No alto vejo o telão que vai passar o replay, mas a dinâmica do sonho já voltou para o quarto, a mulher, na geral, no alto, quem é?, Sonja? Mamãe? Simone de Beauvoir? Bovary? Beth Carvalho? Michael Jackson?, e daí acordo e vou fazer aquele pipi difícil que sucede aos sonhos confusos, testosterona existencialista. Sorte que na cozinha há ainda umas castanhas do Pará no reservatório, aquela overdose de selênio, diz Gregory House que se comer demais descama toda a pele e daí para a tumba é um pas de deux.
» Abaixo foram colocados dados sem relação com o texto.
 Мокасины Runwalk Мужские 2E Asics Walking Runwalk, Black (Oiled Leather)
No meio do caminho da cozinha para o quarto, numa das mesas da sala, junto ao tabuleiro de xadrez, está a edição luxuosa com o primeiro volume da integral de Charles M. Schulz com seus Peanuts, desde os primeiros traços, quando Charlie Brown é ainda um personagem rabiscado, sádico, cínico, ora sorridente, ora raivoso. No decorrer do volume vamos percebendo a evolução do traço para um maior refinamento, e da personalidade, quando a amargura de Charlie Brown, filtrada por uma precoce intuição humanista, transmuta-se em amargura salomônica, consciência de que tudo é transitório, de que a vaidade impera e de que o fracasso é o default da humanidade, daí toda tese hegemônica, nos esportes, nas guerras, nos negócios, nos projetos de marketing, desaguar sempre numa variação de fascismo. Charlie Brown, de seu montinho de lançamento, cujo time de baseball nunca ganhou um jogo, Charlie Brown, presa fácil das traquinagens de Lucy, Charlie Brown, com seu sorriso vacilante crivado de esperança de que um dia algo dará certo, Charlie Brown, amigo triste de Benito di Paula.
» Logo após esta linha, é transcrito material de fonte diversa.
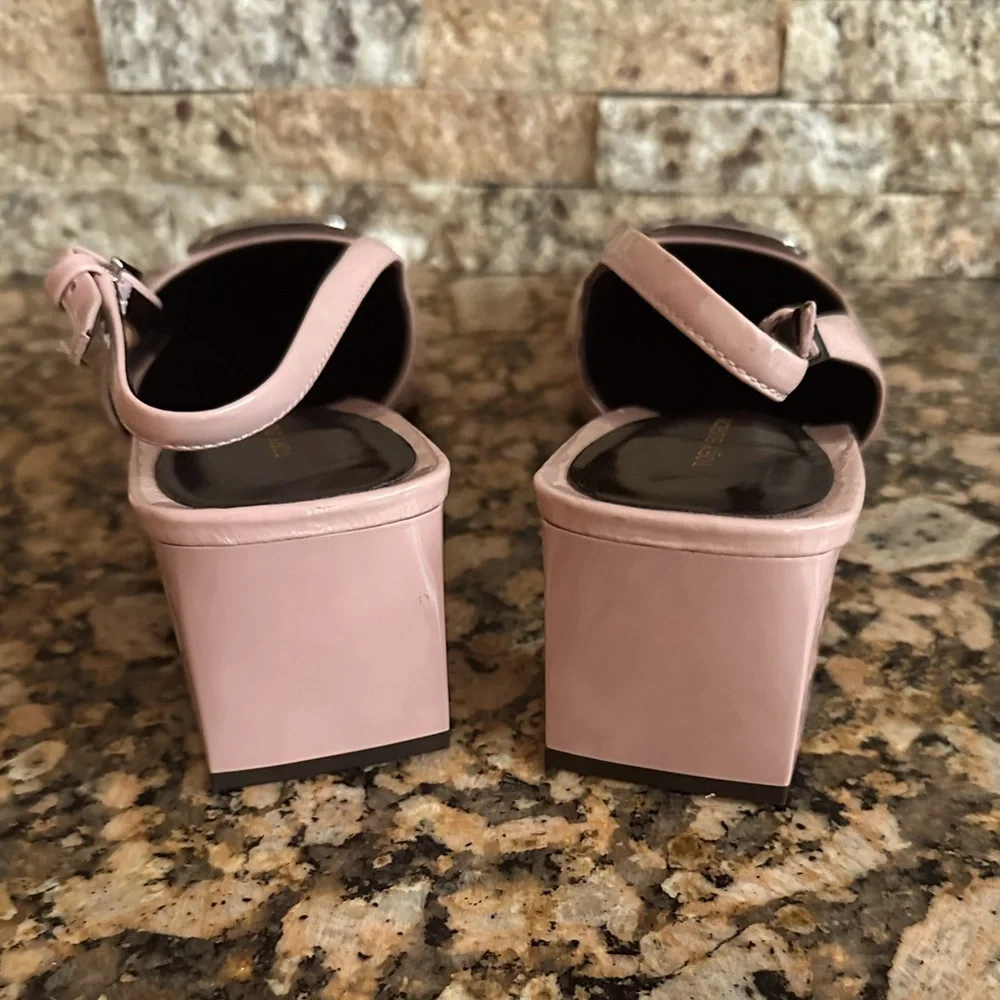 TORY BURCH Women's Georgia Slingback Pumps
“Charlie Brown é Botafogo”, reflito, a caminho do quarto. Ele sabe que a vitória não é o padrão, que nenhuma hegemonia dura por toda a eternidade, ele sabe da vocação decisiva da humanidade para a derrota. Charlie Brown sabe que a ideia civilizacional, no sentido do triunfo de uma certa evolução, é uma farsa, uma perversão, um desvio da natureza na direção do caos, a beleza que não passa de ilusão antropocêntrica.

Como diz o Hugo Sukman, nosso negócio não é ganhar. Queremos ganhar, mas ganhar não é o sentido primeiro da vida, perder faz parte dela, se eu perder não vou me atirar pela janela, não vou alvejar as janelas de General Severiano. A nação alvinegra (no sentido inverso daquela outra) é a nação que passou pela guerra, que sabe do frio, dos tempos de vacas magras, do medo da tirania, a nação alvinegra sabe o que é ser minoria, a nação alvinegra é nação de formigas, que poupam no inverno para colher no verão, ainda que o verão seja a redenção de um juízo final.

Charlie Brown é Botafogo, meu amigo de primeira, segunda, terceira, quarta, quinta divisão, meu amigo de clube que nem time mais tem, aqueles aficionados que guardam a flâmula debaixo do travesseiro para lembrar de uma glória que passou nos tempos do avô, mas ainda assim uma glória, glória de quem guerreou e venceu aquela batalha ínfima, que atravessou um fio de correguinho e reconquistou o galinheiro usurpado pelo vizinho.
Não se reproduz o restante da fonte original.